This is all about my real self. And if you really care, then stay and read on. Basically I wanted to explain/apologize for being so happy and lying about it. Don't worry, I'll explain.

First off, I'm not happy. I'm the opposite actually. The truth is, I'm depressed. I'm so fucking depressed. And as for the reason I seem so happy in my authors notes, is because that's who I wanted you to think I am. But you guys deserve more, you deserve the truth. And I'm going to tell you the whole story now.

It started the beginning of last year. I started having feelings for this girl (who will go unnamed) and I was so confused. At the time, I had no idea what the hell was happening to my heart when I saw her, I just knew it was something I couldn't shake off. I couldn't just get rid of it. And I was scared.

A few months later, I still couldn't take my eyes off this girl, and I finally decided to sort my feelings out. I looked in the mirror when I got home, and said the words 'I'm gay' and after telling myself that over and over again, it felt right. But, I was terrified to tell anyone else, and I hated myself for that. I hated not being who I am in public and being gay. So, I cut for the first time.

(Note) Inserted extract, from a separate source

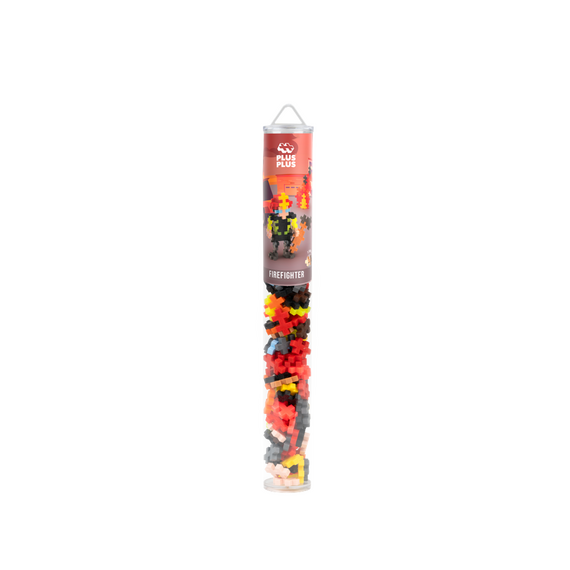 Plus-Plus - Firefighter / 100 pcs Tube (4294) / Toys - Αταξινόμητα -  - Techbox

It felt amazing. It was like everything in the world had just gone away, and it was the first time I felt bliss. I finally had a getaway. So, I did it again, and again, and again. And I became hooked. I still cut today.

Not so much of being gay anymore, but because I hated everything about myself. I hated how fat I was, how boring I was, how unwanted and annoying I was. I am. I just found a way to cope with it.

After that, I had returned to school with a heavy pain in my heart. Because the girl that I liked, got a boyfriend. Yep. It broke my heart. I cut even more than usual that day, and I actually blacked out. No one found me though and I woke up a few hours later.

And onto the present day, I still have depression, anxiety, and I self harm. But, that's how I cope with things. It makes me feel alive just for a second, and I can't stop. I'm sorry. But I can't change. I'm so sorry. I'm sorry for being fucked up, I'm sorry for being born, I'm sorry for existing.

Still in the present, I have some exciting news. I have a girlfriend. If you want me to ramble/describe/talk about her, let me know. Because I sure as hell want to. Anyways, I'm sorry this was long and depressing but if you want a happier note, (girlfriend) then tell me. And I'll update with that again today. Bye.